Les violences qui ont marqué une grève sauvage à la mine de Marikana, faisant 44 morts, ont mis en lumière la bataille féroce que se livrent les syndicats sud-africains pour se disputer les faveurs des travailleurs, utilisant intimidations et sortilèges.

Dans les riches mines de platine du nord du pays, dont Marikana est l'une des plus importantes, la suprématie du Syndicat national des mineurs (NUM) est directement mise en cause par la petite formation AMCU, qui regroupe depuis onze ans mineurs et employés des BTP.

Revendiquant quelque 300 000 adhérents, le NUM est le plus important syndicat de la puissante confédération Cosatu, qui avec ses 2,2 millions de membres est un allié de poids du Congrès national africain (ANC), le parti au pouvoir en Afrique du Sud.

Pour Hamadziripi Tamukamoyo, chercheur à l'Institut sud-africain des études sur la sécurité (ISS), «certains ont soutenu que le Cosatu (...) représente surtout désormais une "aristocratie ouvrière" et est trop impliqué dans la politique élitiste de l'ANC pour pouvoir correctement travailler dans l'intérêt des pauvres».

D'où la fondation de l'AMCU, face à un syndicat dominant soupçonner de faire ami-ami avec les patrons, en oubliant les problèmes quotidiens.

Mais le petit syndicat n'a vraiment fait son trou que depuis quelques mois.

Il a rapidement gagné du terrain depuis le début de l'année, après une violente grève qui a duré six semaines à la mine Impala Platinum, la deuxième du monde, non loin de celle de Marikana.

Quelque 17 000 travailleurs ont été licenciés pendant cette grève sauvage avant d'être réintégrés.

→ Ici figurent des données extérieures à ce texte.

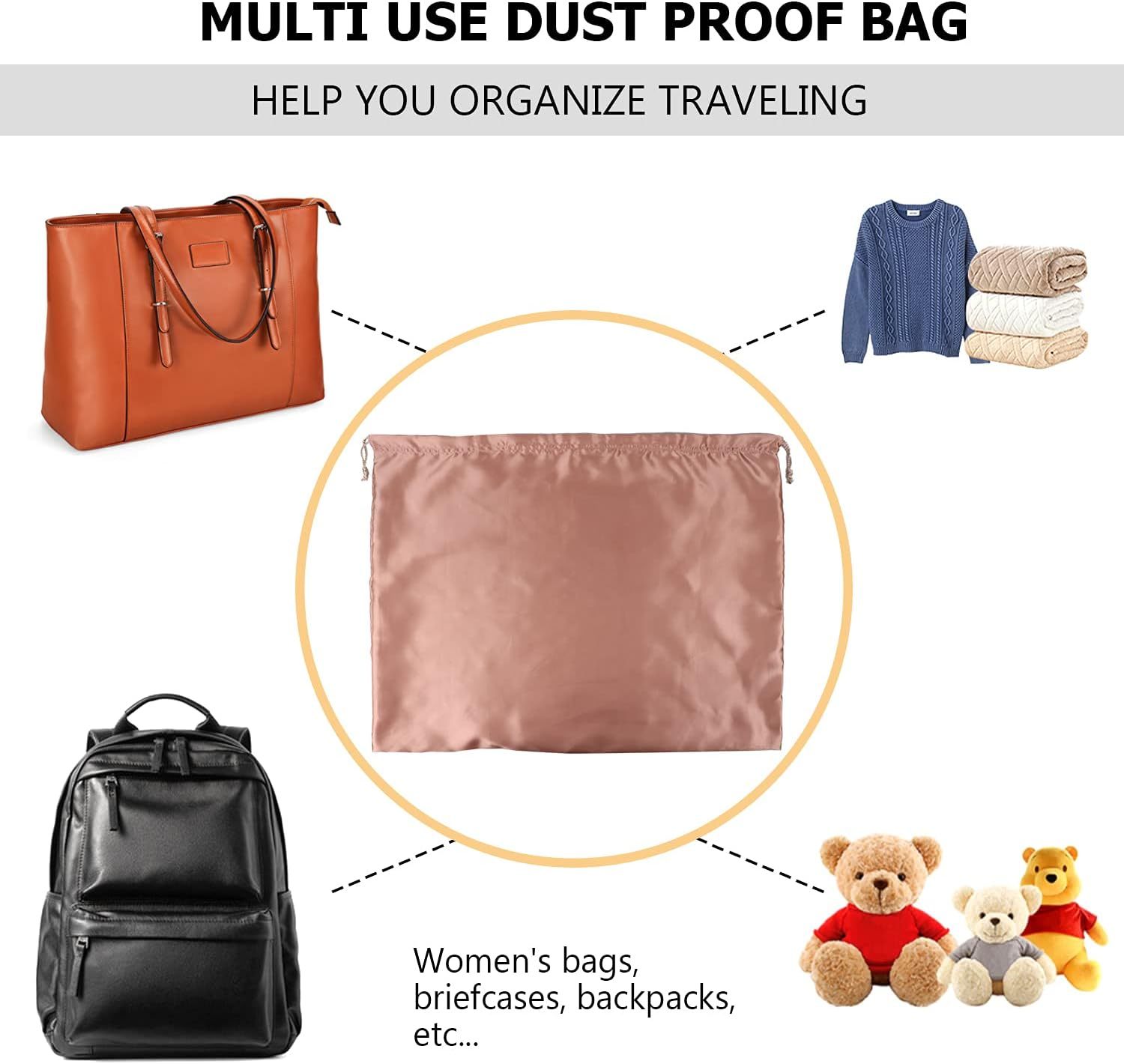 Travel Satin Drawstring Shoe Storage Bag 4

L'AMCU a ensuite revendiqué avoir gagné à sa cause la plupart des membres du NUM et à exigé d'être le syndicat reconnu de l'entreprise.

Pour qu'un syndicat soit reconnu pour pouvoir participer aux négociations salariales, il doit représenter plus de la moitié des effectifs.

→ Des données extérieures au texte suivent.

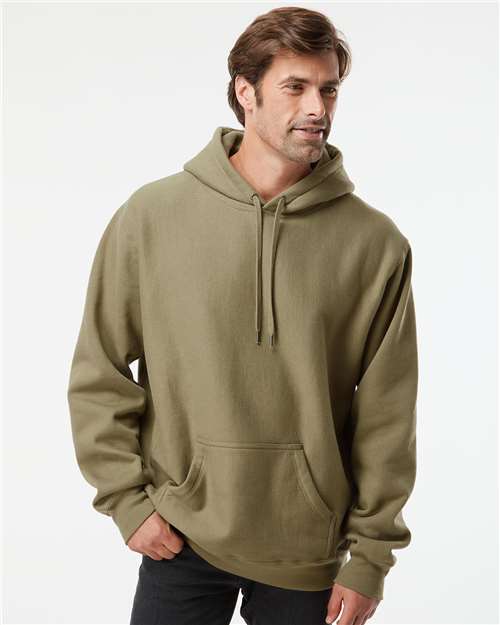 Independent Trading Co. IND5000P Unisex Legend Premium Heavyweight Cross-Grain Hooded Sweatshirt - Olive - model front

Les syndicats vivent des cotisations des travailleurs. Et ils n'hésitent pas à recourir à la violence ou à l'intimidation pour enrôler ces derniers ou les forcer à rejoindre une grève.

Les deux syndicats ont nié être derrière les manifestations meurtrières de la mine de Marikana, exploitée par le groupe Lonmin. Selon l'ISS, la grève a été lancée par des intérimaires, non syndiqués.

Mais le chef de file de l'AMCU, Joseph Mathunjwa, a fait irruption, accompagné d'un groupe de chanteurs de louanges, dans un service commémoratif organisé pour les victimes de Marikana, et en a profité pour haranguer la foule.

Et certaines des chansons chantées pendant les violentes manifestations organisées sur une colline proche de la mine étaient anti-NUM.

«Il est très difficile de construire une solidarité très forte entre les travailleurs.... La violence devient un outil pour obtenir la solidarité des travailleurs», observe Crispen Chinguno, chercheur à l'Université du Witwatersrand de Johannesburg.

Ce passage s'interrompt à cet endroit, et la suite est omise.